Let $p\in \mathbb Z$ be a prime congruent to $1\mod 4$. Let $p=\pi\overline \pi$. Show that $\mathbb Z[i]/(p)\simeq \mathbb Z[i]/(\pi)\times\mathbb Z[i]/(\overline\pi )$. Show that the quotient ring $\mathbb Z[i]/(p)$ has order $p^2$ and conclude that the above factors are both fields of order $p$.
To apply the Chinese remainder theorem, I need to prove that $(\pi)+(\overline \pi)=1$. Let $\pi=a+bi$. Then I need to show that $1\in (a+bi)+(a-bi)$. But I don't see why this must be true. The RHS contains $2a$, but $a,b\in \mathbb Z$, why should it contain $1$?

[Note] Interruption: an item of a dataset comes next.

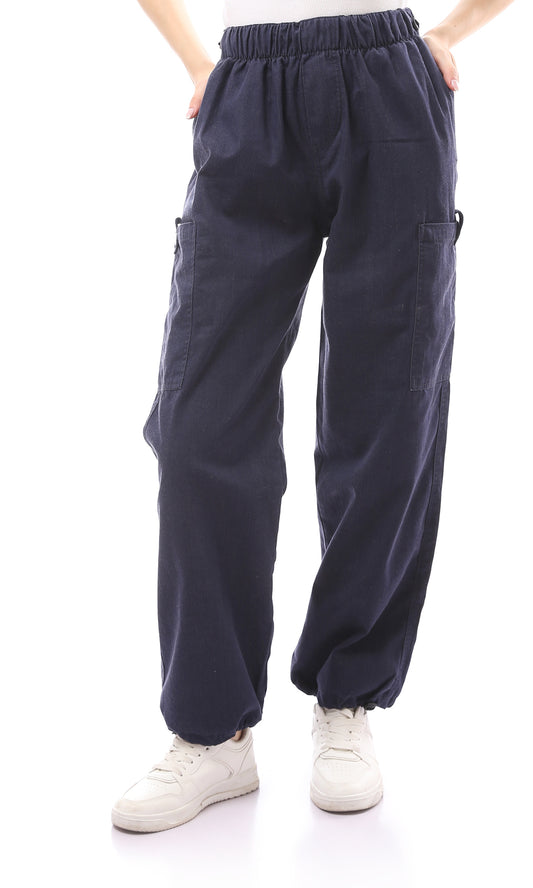 بنطلون جينز أزرق غامق بساق واسعة سهل الارتداء مع طويات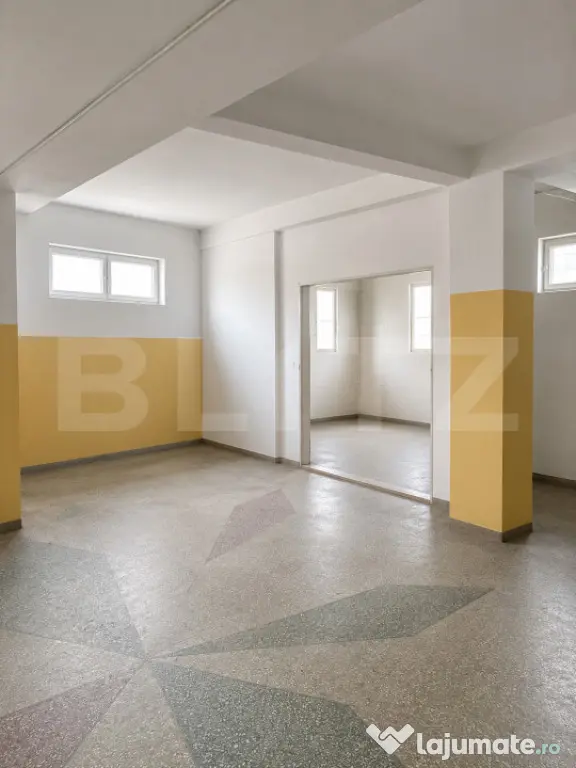 Spațiu comercial / depozit / atelier de lucru – aprox. 10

Further, $\pi,\overline \pi$ are irreducible (=prime), so the factors are fields. But how do I show that they contain $p $ elements? According to the question, I'm supposed to deduce it from the fact that $\mathbb Z[i]/(p)$ has order $p^2$. Can I show the latter by saying that $\mathbb Z[i]/(p)\simeq \mathbb Z_p[x]/(x^2+1)=\{x+iy:x,y\in \mathbb Z_p\}$? And then, am I supposed to conclude that since neither of the factors $\mathbb Z[i]/(a\pm bi)$ has order $1$, each of them must have order $p$?